There is an article in today’s newspaper about an upcoming episode of the ABC show “What Would You Do?” filmed here in Tucson. When actors playing security guards, unbeknownst to the patrons and staff, confronted two hispanic-looking men eating dinner and demanded their “papers,” a woman objected.
“Excuse me. I don’t think you can do that.”
And when the Anglo guard aggressively repeated his demand, she said,
“Actually you can’t do that and that’s not going to happen right now, right here, today, so you just need to get on out of here now.”
She was supported by other patrons, who clapped when the “guards” left. Over and over, through two days of filming, almost no one sided with the “guards.” (read article here) http://azstarnet.com/article_f910c996-2e44-5572-9681-74afc877eae8.html
When later ABC’s John Quiñones, one of the “diners,” asked the patron why she should stood up for them, she said it was not political.

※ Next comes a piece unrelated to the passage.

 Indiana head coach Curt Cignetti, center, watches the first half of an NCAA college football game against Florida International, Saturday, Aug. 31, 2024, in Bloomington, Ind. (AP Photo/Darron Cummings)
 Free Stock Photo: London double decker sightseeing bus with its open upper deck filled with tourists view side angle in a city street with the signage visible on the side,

“I figured those guys probably had some wives and there were some little children involved, and I just didn’t want to see their families torn apart today.“
I am proud of Tucson today, but more than that, I was struck that the patron’s heartfelt defense of the two hispanic-looking diners seemed to her “NOT POLITICAL.” Yet to me, it was an courageous expression of progressive politics… taking empowered action as a citizen from the open-hearted conviction that we are indeed “our brother’s keeper.”

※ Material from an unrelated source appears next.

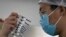 CHINA -- A worker inspects syringes of a vaccine for COVID-19 produced by Sinovac at its factory in Beijing, September 24, 2020
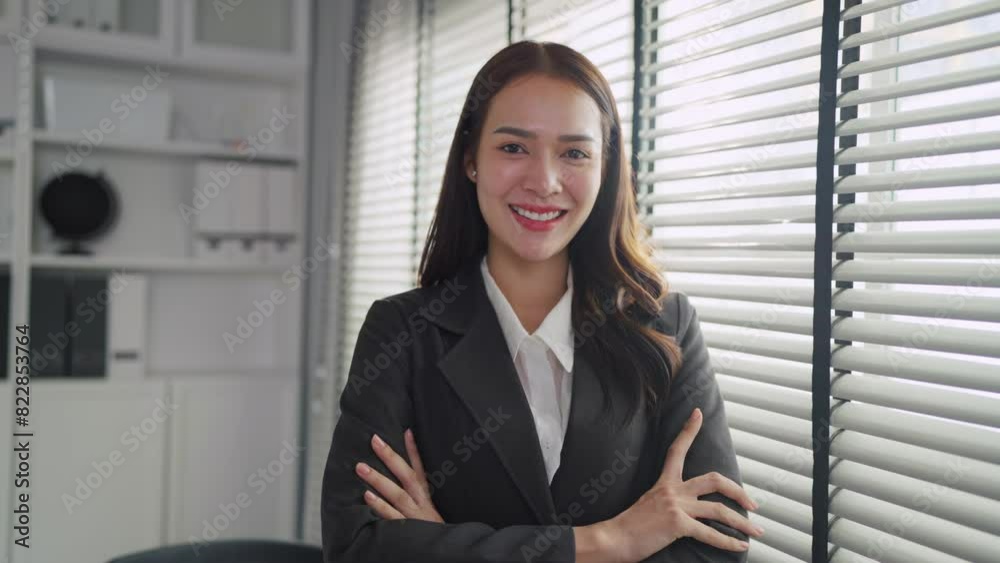 Portrait of Asian beautiful businesswoman smiling while working in office. Portrait of Asian beautiful businesswoman smiling while working in office.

It hurts my heart that what is considered “political” is somehow separated in our minds from how we ordinarily live our lives. I know people who identify themselves as angry “Tea Party” activists, demanding we cut off funding for schools, unemployment benefits, and health care but who would risk their own lives to save a stranger from danger. I know people who identify as “Progressive” activists who would cheer if Sheriff Joe was injured by a rock hurled in protest.
So this morning I am reflecting on several questions
… how is it that peoples’ personal values are so easily abandoned through membership in some political “group,” with the political somehow only being identified with the angry, the “anti”? Do people feel anonymous? Are they caught up in “group think?”
… how can we be instrumental in reconnecting peoples’ hearts and personal values in family and neighborhood life, which are by and large caring and supportive, with the way we structure our lives as a nation? How do we make the political personal? How do we make neighbors of faraway strangers? How can we get media to focus more consistently on examples of the “higher angels” of our being?
And…honestly…would I have had the courage of my convictions if I had been the patron in the diner?